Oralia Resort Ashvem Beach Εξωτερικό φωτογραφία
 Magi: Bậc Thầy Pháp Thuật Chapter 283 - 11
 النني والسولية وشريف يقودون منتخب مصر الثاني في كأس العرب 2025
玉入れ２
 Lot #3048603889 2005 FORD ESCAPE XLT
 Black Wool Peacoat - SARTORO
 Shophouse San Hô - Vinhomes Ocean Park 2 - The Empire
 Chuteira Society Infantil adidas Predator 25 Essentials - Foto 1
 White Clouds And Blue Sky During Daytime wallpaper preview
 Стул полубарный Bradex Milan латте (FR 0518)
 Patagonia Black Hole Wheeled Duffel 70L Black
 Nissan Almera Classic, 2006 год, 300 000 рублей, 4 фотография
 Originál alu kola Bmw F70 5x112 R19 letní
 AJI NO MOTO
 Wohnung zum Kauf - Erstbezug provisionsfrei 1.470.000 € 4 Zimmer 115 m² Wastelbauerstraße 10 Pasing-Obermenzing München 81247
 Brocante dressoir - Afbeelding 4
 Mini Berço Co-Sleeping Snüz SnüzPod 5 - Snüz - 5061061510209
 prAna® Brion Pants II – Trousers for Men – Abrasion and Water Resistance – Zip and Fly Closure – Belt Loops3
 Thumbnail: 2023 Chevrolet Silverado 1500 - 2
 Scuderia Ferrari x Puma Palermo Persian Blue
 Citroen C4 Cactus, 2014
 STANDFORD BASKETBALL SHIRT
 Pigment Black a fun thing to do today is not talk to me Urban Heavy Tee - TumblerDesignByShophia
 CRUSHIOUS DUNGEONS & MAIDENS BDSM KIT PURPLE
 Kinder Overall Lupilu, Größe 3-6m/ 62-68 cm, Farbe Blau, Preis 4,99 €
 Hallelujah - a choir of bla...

--------

> Exercise objective: Return the entries above exactly, each one complete.

> Written response:
Oralia Resort Ashvem Beach Εξωτερικό φωτογραφία
 Magi: Bậc Thầy Pháp Thuật Chapter 283 - 11
 النني والسولية وشريف يقودون منتخب مصر الثاني في كأس العرب 2025
玉入れ２
 Lot #3048603889 2005 FORD ESCAPE XLT
 Black Wool Peacoat - SARTORO
 Shophouse San Hô - Vinhomes Ocean Park 2 - The Empire
 Chuteira Society Infantil adidas Predator 25 Essentials - Foto 1
 White Clouds And Blue Sky During Daytime wallpaper preview
 Стул полубарный Bradex Milan латте (FR 0518)
 Patagonia Black Hole Wheeled Duffel 70L Black
 Nissan Almera Classic, 2006 год, 300 000 рублей, 4 фотография
 Originál alu kola Bmw F70 5x112 R19 letní
 AJI NO MOTO
 Wohnung zum Kauf - Erstbezug provisionsfrei 1.470.000 € 4 Zimmer 115 m² Wastelbauerstraße 10 Pasing-Obermenzing München 81247
 Brocante dressoir - Afbeelding 4
 Mini Berço Co-Sleeping Snüz SnüzPod 5 - Snüz - 5061061510209
 prAna® Brion Pants II – Trousers for Men – Abrasion and Water Resistance – Zip and Fly Closure – Belt Loops3
 Thumbnail: 2023 Chevrolet Silverado 1500 - 2
 Scuderia Ferrari x Puma Palermo Persian Blue
 Citroen C4 Cactus, 2014
 STANDFORD BASKETBALL SHIRT
 Pigment Black a fun thing to do today is not talk to me Urban Heavy Tee - TumblerDesignByShophia
 CRUSHIOUS DUNGEONS & MAIDENS BDSM KIT PURPLE
 Kinder Overall Lupilu, Größe 3-6m/ 62-68 cm, Farbe Blau, Preis 4,99 €
 Hallelujah - a choir of bla...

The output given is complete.